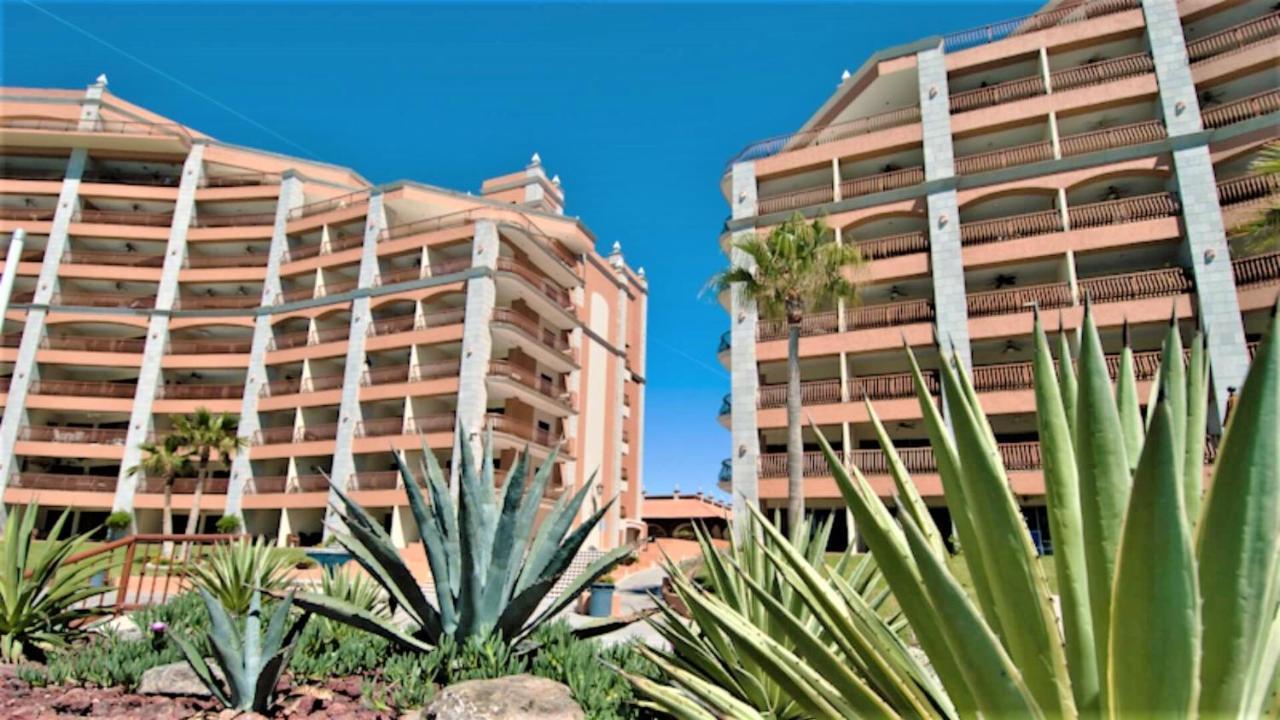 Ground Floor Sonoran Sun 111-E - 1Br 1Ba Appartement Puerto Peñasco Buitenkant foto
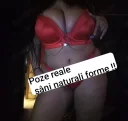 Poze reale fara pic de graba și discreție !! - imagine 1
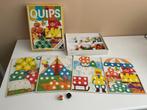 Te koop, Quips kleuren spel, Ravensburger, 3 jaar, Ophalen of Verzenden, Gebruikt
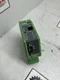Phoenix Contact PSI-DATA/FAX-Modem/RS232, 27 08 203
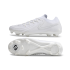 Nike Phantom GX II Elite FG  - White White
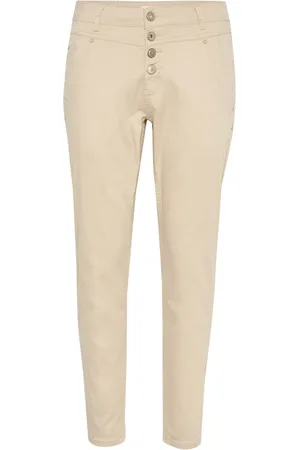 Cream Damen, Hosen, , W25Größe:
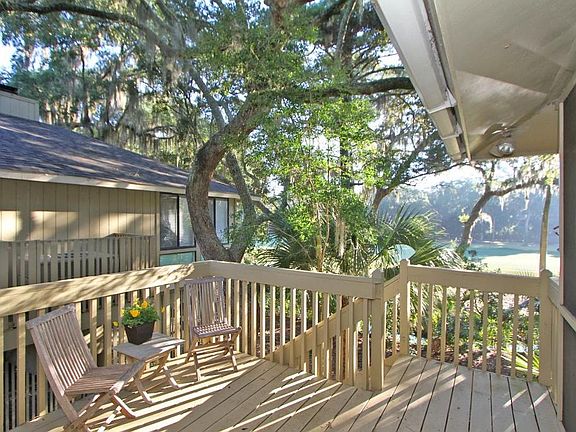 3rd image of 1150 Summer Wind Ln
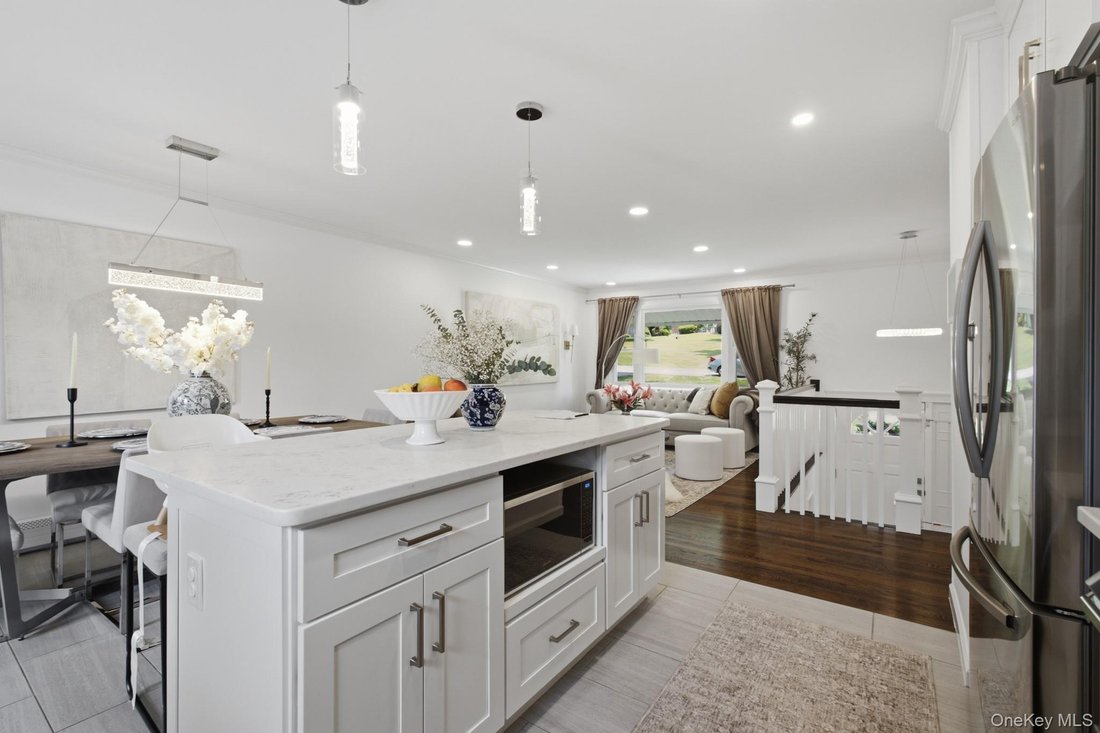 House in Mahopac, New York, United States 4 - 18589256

******

◆ **DIRECTIONS FOR THIS TASK**
Using the material above, retype each entry exactly and omit the pictures.

◆ **REPLY**
 Ground Floor Sonoran Sun 111-E - 1Br 1Ba Appartement Puerto Peñasco Buitenkant foto
 Poze reale fara pic de graba și discreție !! - imagine 1
 Te koop, Quips kleuren spel, Ravensburger, 3 jaar, Ophalen of Verzenden, Gebruikt
Phoenix Contact PSI-DATA/FAX-Modem/RS232, 27 08 203
 Nike Phantom GX II Elite FG  - White White
 Cream Damen, Hosen, , W25Größe:
 3rd image of 1150 Summer Wind Ln
 House in Mahopac, New York, United States 4 - 18589256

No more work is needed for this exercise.